Le seuil : le consentement et l’indifférence
Commencer par le commencement. Non pas « recommencer à zéro », comme si rien dans nos vies ne s’était déjà produit, comme si nous n’étions pas façonnés, aussi jeunes que nous soyons, par un caractère, une éducation, une inscription sociale, culturelle, voire religieuse. Cela nous contraint, certes, mais c’est aussi un socle. On peut plus ou moins l’apprécier : encore faut-il reconnaître que nous sommes de ce pays-là, que nous commencerons à cheminer avec lui, que c’est cela même que nous modifierons, à la marge ou de manière plus importante selon les choix que nous ferons. (…) Ce premier pas du discernement se nomme consentement. Combien il requiert pour beaucoup, jeunes et moins jeunes, de réelle abnégation et d’authentique épreuve de purification ! A consentir ainsi au lieu et au temps du commencement, on goûte déjà la saveur de la liberté. Partir donc du point où en est chacun. Chacun : celui qui cherche un sens à sa vie et celui qui accompagne cette recherche. (…)
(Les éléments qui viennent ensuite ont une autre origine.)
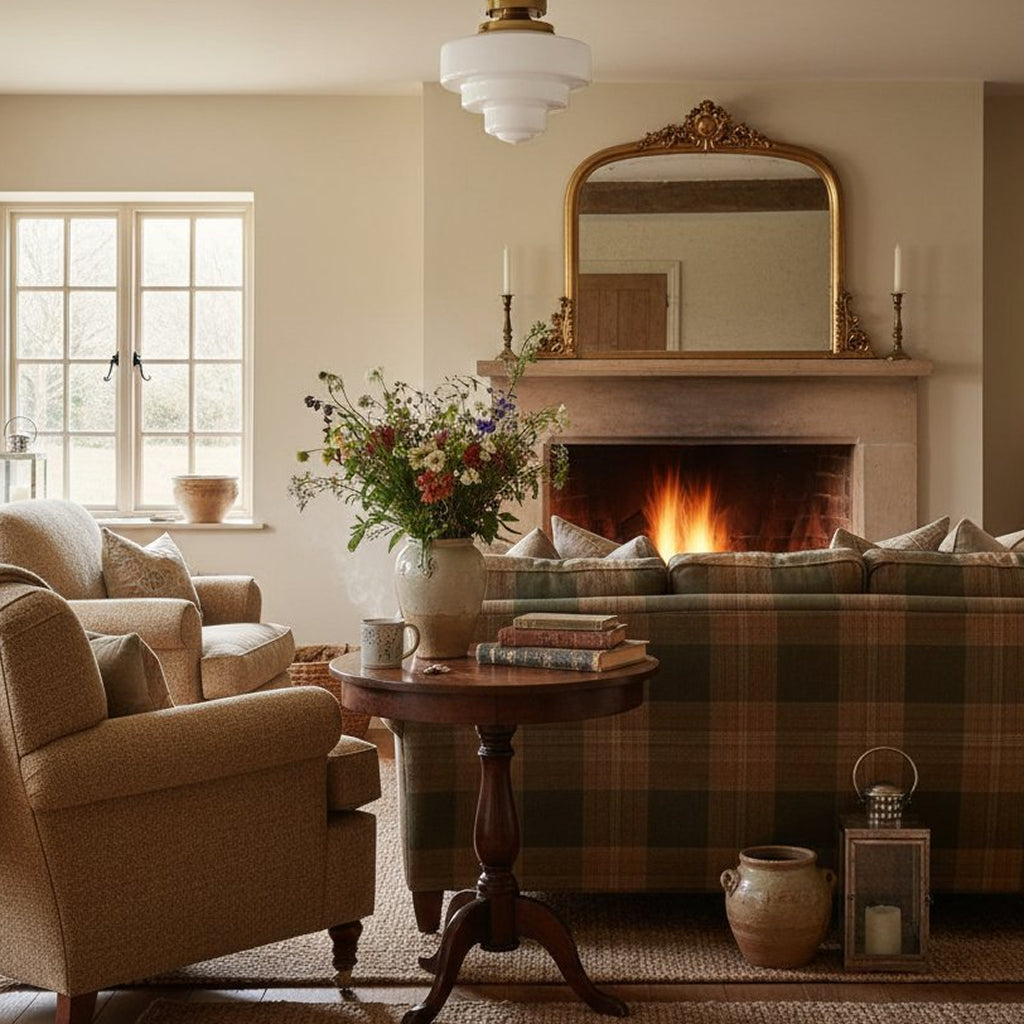 Geotower Glass Brass Ceiling Lamp – Handblown Opal Glass Globe Light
Ne rien choisir : l’errance du désir
Pour éprouver ensemble ce point de départ, ce seuil, il faut déjà beaucoup de temps, de patience et de fidélité. Peut-on consentir en un instant ? Pas à pas, on peut avancer vers soi, autrement, selon un autre point de vue(…) Pour choisir, il faut se distinguer, se reconnaître distinct et distingué, donc avoir de la valeur à ses propres yeux. Combien il faut y aider de plus en plus de nos contemporains ! Discernement : apprendre à distinguer, à se distinguer pour pouvoir commencer à faire des choix et à les assumer, à les tenir en son nom propre. Choisir demande de pouvoir repérer et repérer n’est possible que si la clarté aiguise les reliefs, voire les rend plus tranchants. Notre désir serait-il suscité si tout est plat, fusionnel, comateux ? Il importe donc que l’accompagnateur aiguise les contours, renvoie des questions vives, respecte suffisamment son interlocuteur, son compagnon de route pour refuser d’émorfiler le relief. Lorsqu’on ne peut rien choisir, c’est qu’aucune saveur n’excite le palais. Ne rien pouvoir choisir comme si on se protégeait contre le fait d’être quelqu’un, d’être différent, de pouvoir apporter quelque chose aux autres, de faire de sa vie une œuvre…Errer.
Tout vouloir : la prison du besoin
Pour autant, l’hystérie et la boulimie du choix peuvent aussi guetter ! C’est une manière de ne rien choisir que de prétendre choisir tout. Tout ce qui passe, tout ce qui plait, voire ce qui déplaît (…) Tout vaut parce que rien ne vaut. Rien. Tout. C’est finalement identique. Pas de relief ou trop de relief étouffent le désir. Tout vouloir, vouloir tout s’approprier : pouvoir, avoir, possession, mettre la main sur Dieu lui-même…Confusion mortelle entre désir et besoins. Le besoin est certes légitime et le satisfaire est une requête nécessaire pour vivre : apaiser une demande, satisfaire un manque, combler une lacune ; besoin de manger, de connaître, d’être reconnu, d’aimer et d’être aimé. Quoi de plus humain ! Mais le piège guette d’une grande illusion : plus je satisferai mes besoins et plus ma vie aura un sens –du sens, comme un volume qui viendrai remplir un vide et que l’on pourrait se procurer aisément (…) Le désir recèle un manque qui ne se comble pas ainsi. Qui, à vrai dire, ne peut pas se « combler » du tout. La logique du désir n’est pas dans le remplissage mais dans le « creusement ». L’acceptation des questions, des limites, des pauvretés de nos vies. Ce au creux de quoi, paradoxalement, se tiennent les plus belles aventures de l’engagement et du don.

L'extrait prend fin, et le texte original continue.